Why Biofilms Make Diabetic Foot Ulcers Hard to Treat
Touro Researchers Describe the Role of Biofilms in Foot Ulcers and Novel Anti-Biofilm Strategies to Speed Recovery
Foot ulcers in people with diabetes are a growing problem across the world, with an estimated 26 million new cases annually. Yet, treatments often fail, and the ulcers often lead to serious complications and even amputation. Treatments fail largely because the wounds are “protected” by biofilms that make them less penetrable by antibiotics.
Researchers at Touro’s New York College of Podiatric Medicine (NYCPM) and the Touro College of Osteopathic Medicine recently published a review of biofilms in diabetic foot ulcers (DFUs), current treatment protocols, and novel therapies that may more effectively treat them. The review was published in the journal Acta Microbiologica Hellenica.
“We took on this research because biofilms are under-recognized but central to diabetic foot ulcer development and to treatment failure,” says Paramita Basu, PhD, MS, associate professor and director of Infectious Diseases at NYCPM.
“Biofilms are slimy layers made by bacteria that stick to wounds, surfaces, or devices,” explains Dr. Basu. “They’re like a protective layered ‘house’ that bacteria build using sugars and proteins.”

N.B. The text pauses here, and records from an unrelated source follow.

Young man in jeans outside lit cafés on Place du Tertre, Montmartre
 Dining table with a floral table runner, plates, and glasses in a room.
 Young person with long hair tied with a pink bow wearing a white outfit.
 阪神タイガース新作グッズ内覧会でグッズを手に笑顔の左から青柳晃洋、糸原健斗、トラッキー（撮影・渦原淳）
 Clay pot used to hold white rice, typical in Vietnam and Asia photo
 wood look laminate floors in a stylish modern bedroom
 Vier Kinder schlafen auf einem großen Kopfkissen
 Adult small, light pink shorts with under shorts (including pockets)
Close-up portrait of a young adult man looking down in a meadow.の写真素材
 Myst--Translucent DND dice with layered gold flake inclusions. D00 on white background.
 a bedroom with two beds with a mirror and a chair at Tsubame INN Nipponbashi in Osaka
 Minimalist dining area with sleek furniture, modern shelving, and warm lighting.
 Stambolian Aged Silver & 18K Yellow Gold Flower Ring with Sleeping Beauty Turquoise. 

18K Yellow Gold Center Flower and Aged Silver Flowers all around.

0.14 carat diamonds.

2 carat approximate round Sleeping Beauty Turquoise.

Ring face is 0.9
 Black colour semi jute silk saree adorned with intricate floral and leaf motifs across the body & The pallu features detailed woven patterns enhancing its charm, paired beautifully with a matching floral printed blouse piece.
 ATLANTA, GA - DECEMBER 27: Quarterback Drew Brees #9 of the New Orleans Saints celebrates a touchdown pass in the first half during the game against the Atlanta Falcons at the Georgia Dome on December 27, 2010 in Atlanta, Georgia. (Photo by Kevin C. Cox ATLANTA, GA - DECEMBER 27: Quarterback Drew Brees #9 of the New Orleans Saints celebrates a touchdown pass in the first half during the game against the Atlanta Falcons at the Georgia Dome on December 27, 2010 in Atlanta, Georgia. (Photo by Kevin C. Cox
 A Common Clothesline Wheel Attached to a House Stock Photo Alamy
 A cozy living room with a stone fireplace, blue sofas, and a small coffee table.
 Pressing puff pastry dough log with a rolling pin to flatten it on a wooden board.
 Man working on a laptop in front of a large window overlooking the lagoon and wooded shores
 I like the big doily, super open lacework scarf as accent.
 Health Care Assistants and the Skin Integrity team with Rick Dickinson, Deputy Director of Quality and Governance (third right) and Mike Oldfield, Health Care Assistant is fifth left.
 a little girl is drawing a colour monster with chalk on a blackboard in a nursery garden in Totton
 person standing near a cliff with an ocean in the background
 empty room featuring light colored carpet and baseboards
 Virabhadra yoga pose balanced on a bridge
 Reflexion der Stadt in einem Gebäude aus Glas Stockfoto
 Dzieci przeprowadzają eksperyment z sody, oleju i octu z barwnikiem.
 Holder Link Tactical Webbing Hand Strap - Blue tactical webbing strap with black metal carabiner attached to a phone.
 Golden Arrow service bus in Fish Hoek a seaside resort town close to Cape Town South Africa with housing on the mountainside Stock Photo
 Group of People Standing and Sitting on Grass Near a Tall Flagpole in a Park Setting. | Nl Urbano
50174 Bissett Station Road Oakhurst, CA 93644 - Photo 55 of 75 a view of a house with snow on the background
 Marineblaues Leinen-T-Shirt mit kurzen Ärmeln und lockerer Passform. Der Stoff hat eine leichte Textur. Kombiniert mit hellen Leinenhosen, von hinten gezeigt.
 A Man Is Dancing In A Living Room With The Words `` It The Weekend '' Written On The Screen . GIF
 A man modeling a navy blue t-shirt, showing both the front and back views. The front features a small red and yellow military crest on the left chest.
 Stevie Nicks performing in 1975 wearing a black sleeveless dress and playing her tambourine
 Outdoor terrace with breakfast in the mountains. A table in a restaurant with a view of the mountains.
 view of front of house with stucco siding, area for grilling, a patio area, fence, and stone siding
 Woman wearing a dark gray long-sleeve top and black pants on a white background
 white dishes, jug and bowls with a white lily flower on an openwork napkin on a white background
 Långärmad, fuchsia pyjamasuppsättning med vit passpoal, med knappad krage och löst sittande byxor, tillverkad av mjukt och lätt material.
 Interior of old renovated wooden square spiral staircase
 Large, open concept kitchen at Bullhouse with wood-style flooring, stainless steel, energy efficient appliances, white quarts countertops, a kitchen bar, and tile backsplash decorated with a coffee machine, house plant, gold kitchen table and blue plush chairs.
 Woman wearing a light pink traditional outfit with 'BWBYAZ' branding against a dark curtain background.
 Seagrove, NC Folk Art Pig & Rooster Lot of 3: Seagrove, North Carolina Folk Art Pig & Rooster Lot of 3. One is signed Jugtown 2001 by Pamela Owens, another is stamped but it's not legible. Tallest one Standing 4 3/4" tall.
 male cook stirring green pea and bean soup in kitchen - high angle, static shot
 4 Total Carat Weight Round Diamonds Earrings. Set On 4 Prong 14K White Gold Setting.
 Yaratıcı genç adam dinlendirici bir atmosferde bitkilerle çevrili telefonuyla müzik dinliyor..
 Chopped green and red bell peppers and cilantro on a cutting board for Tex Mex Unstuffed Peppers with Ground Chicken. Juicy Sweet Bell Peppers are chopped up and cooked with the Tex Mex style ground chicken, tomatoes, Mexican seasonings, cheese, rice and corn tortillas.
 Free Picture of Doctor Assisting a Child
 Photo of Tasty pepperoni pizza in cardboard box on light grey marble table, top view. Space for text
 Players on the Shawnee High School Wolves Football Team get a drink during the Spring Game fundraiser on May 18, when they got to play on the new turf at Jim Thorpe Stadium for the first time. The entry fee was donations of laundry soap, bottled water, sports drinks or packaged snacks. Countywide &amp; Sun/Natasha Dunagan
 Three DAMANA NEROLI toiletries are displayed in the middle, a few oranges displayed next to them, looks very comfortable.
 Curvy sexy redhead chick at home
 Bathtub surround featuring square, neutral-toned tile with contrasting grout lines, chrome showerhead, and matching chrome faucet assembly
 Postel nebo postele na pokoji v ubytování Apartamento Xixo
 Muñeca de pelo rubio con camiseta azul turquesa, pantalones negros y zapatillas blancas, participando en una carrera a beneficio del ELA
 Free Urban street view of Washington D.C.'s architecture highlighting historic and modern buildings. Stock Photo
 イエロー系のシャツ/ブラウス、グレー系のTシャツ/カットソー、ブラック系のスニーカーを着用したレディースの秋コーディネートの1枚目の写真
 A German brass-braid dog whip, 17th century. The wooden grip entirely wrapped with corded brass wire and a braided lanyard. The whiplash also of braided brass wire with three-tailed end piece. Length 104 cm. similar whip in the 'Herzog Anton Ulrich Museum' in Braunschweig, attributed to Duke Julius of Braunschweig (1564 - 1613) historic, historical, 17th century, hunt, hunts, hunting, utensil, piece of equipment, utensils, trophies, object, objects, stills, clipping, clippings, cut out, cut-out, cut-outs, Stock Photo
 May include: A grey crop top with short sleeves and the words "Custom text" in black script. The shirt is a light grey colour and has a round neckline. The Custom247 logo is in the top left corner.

People with diabetes often have high blood sugar levels, which creates an ideal environment for the growth of bacteria, specifically Pseudomonas aeruginosa and Staphylococcus aureus. These bacteria produce toxins and other substances that form biofilms, which help them hide from antibiotics and the immune system.
“They’re very common in chronic infections, especially in wounds that don’t heal well, like diabetic foot ulcers,” says Dr. Basu. Almost every diabetic foot ulcer (DFU) has a biofilm.
The comprehensive review describes the mechanisms of biofilm formation, and how they create such an antibiotic-resistant armor. Based on a literature review, they found that a tougher biofilm was associated with more severe DFU, poorer outcomes, and greater risk of amputation.
Understanding these mechanisms and the bacteria that are involved in biofilms can help guide antibiotic treatment as well as the development of new targeted treatments, says Dr. Basu. For instance, most biofilms have multiple bacteria that need to be targeted with multiple antibiotics.
They also reviewed the effectiveness of other commonly used therapies, like debridement, in which dying or dead tissue around the wound is removed using a scalpel or a jet spray of water.
In addition to current treatments, they also described novel therapies that attack the biofilm, such as antibiotic peptides, the use of placental-derived materials and human umbilical cord grafts, photodynamic therapy, nanomaterials, phage therapy (using viruses that infect and kill bacteria), and other innovative approaches.
The authors concluded that the main goal in treating chronic DFUs is to target the biofilms, as their formation significantly delays wound healing. This typically requires a multidisciplinary approach, that includes strict adherence to appropriate antibiotics, often with surgical removal of dying tissue, and the use of additional novel approaches.
“We hope to encourage research and clinical adoption of newer anti-biofilm strategies,” says Dr. Basu, who stressed the importance of targeted, pathogen-specific therapies.
As for preventing DFUs, the authors emphasized that blood sugar control is key to prevention and to healing. Likewise, early attention to foot injuries may prevent ulcers from escalating.